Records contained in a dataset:

**********

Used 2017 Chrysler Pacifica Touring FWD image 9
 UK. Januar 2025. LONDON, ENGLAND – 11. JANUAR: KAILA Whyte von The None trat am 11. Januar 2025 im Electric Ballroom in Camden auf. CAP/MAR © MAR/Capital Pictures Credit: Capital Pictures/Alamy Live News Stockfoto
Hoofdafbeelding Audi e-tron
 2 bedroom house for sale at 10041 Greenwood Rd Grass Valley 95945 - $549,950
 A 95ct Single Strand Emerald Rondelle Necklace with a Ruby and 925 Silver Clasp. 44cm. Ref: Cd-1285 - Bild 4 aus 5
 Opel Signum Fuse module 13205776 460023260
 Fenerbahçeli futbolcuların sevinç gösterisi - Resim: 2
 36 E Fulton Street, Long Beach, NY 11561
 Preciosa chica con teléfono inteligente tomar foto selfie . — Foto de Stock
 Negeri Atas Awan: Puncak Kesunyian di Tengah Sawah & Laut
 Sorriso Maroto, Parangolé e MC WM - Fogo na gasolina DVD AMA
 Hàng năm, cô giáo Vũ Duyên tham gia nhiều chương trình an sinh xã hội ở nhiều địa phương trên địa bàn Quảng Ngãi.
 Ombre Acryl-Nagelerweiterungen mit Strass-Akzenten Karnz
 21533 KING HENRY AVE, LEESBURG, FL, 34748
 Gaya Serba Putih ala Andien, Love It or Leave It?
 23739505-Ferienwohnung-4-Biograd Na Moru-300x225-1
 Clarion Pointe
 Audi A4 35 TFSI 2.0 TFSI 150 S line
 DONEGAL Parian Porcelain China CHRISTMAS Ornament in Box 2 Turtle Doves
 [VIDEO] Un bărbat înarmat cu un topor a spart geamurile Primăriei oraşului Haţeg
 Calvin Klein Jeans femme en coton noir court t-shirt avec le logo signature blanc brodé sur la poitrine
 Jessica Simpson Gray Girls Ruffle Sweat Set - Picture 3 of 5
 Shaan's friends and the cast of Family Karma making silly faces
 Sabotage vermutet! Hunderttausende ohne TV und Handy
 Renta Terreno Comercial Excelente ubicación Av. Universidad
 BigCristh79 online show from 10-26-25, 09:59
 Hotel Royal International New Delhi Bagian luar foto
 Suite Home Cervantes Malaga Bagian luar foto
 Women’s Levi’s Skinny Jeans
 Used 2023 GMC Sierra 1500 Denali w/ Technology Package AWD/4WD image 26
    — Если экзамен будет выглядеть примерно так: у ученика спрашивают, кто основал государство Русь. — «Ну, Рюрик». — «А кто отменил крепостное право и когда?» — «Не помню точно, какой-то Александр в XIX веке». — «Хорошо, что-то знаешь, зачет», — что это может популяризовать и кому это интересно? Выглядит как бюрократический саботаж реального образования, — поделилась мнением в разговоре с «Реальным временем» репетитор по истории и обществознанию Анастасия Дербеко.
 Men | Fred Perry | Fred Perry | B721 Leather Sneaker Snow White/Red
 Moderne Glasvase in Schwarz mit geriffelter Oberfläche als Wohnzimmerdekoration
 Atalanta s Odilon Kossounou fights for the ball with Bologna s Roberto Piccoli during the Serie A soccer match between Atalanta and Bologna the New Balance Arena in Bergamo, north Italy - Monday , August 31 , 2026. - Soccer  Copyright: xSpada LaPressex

**********

What you will do –
A complete, exact transcription of the data above is the required answer.

Answer area –
Used 2017 Chrysler Pacifica Touring FWD image 9
 UK. Januar 2025. LONDON, ENGLAND – 11. JANUAR: KAILA Whyte von The None trat am 11. Januar 2025 im Electric Ballroom in Camden auf. CAP/MAR © MAR/Capital Pictures Credit: Capital Pictures/Alamy Live News Stockfoto
Hoofdafbeelding Audi e-tron
 2 bedroom house for sale at 10041 Greenwood Rd Grass Valley 95945 - $549,950
 A 95ct Single Strand Emerald Rondelle Necklace with a Ruby and 925 Silver Clasp. 44cm. Ref: Cd-1285 - Bild 4 aus 5
 Opel Signum Fuse module 13205776 460023260
 Fenerbahçeli futbolcuların sevinç gösterisi - Resim: 2
 36 E Fulton Street, Long Beach, NY 11561
 Preciosa chica con teléfono inteligente tomar foto selfie . — Foto de Stock
 Negeri Atas Awan: Puncak Kesunyian di Tengah Sawah & Laut
 Sorriso Maroto, Parangolé e MC WM - Fogo na gasolina DVD AMA
 Hàng năm, cô giáo Vũ Duyên tham gia nhiều chương trình an sinh xã hội ở nhiều địa phương trên địa bàn Quảng Ngãi.
 Ombre Acryl-Nagelerweiterungen mit Strass-Akzenten Karnz
 21533 KING HENRY AVE, LEESBURG, FL, 34748
 Gaya Serba Putih ala Andien, Love It or Leave It?
 23739505-Ferienwohnung-4-Biograd Na Moru-300x225-1
 Clarion Pointe
 Audi A4 35 TFSI 2.0 TFSI 150 S line
 DONEGAL Parian Porcelain China CHRISTMAS Ornament in Box 2 Turtle Doves
 [VIDEO] Un bărbat înarmat cu un topor a spart geamurile Primăriei oraşului Haţeg
 Calvin Klein Jeans femme en coton noir court t-shirt avec le logo signature blanc brodé sur la poitrine
 Jessica Simpson Gray Girls Ruffle Sweat Set - Picture 3 of 5
 Shaan's friends and the cast of Family Karma making silly faces
 Sabotage vermutet! Hunderttausende ohne TV und Handy
 Renta Terreno Comercial Excelente ubicación Av. Universidad
 BigCristh79 online show from 10-26-25, 09:59
 Hotel Royal International New Delhi Bagian luar foto
 Suite Home Cervantes Malaga Bagian luar foto
 Women’s Levi’s Skinny Jeans
 Used 2023 GMC Sierra 1500 Denali w/ Technology Package AWD/4WD image 26
    — Если экзамен будет выглядеть примерно так: у ученика спрашивают, кто основал государство Русь. — «Ну, Рюрик». — «А кто отменил крепостное право и когда?» — «Не помню точно, какой-то Александр в XIX веке». — «Хорошо, что-то знаешь, зачет», — что это может популяризовать и кому это интересно? Выглядит как бюрократический саботаж реального образования, — поделилась мнением в разговоре с «Реальным временем» репетитор по истории и обществознанию Анастасия Дербеко.
 Men | Fred Perry | Fred Perry | B721 Leather Sneaker Snow White/Red
 Moderne Glasvase in Schwarz mit geriffelter Oberfläche als Wohnzimmerdekoration
 Atalanta s Odilon Kossounou fights for the ball with Bologna s Roberto Piccoli during the Serie A soccer match between Atalanta and Bologna the New Balance Arena in Bergamo, north Italy - Monday , August 31 , 2026. - Soccer  Copyright: xSpada LaPressex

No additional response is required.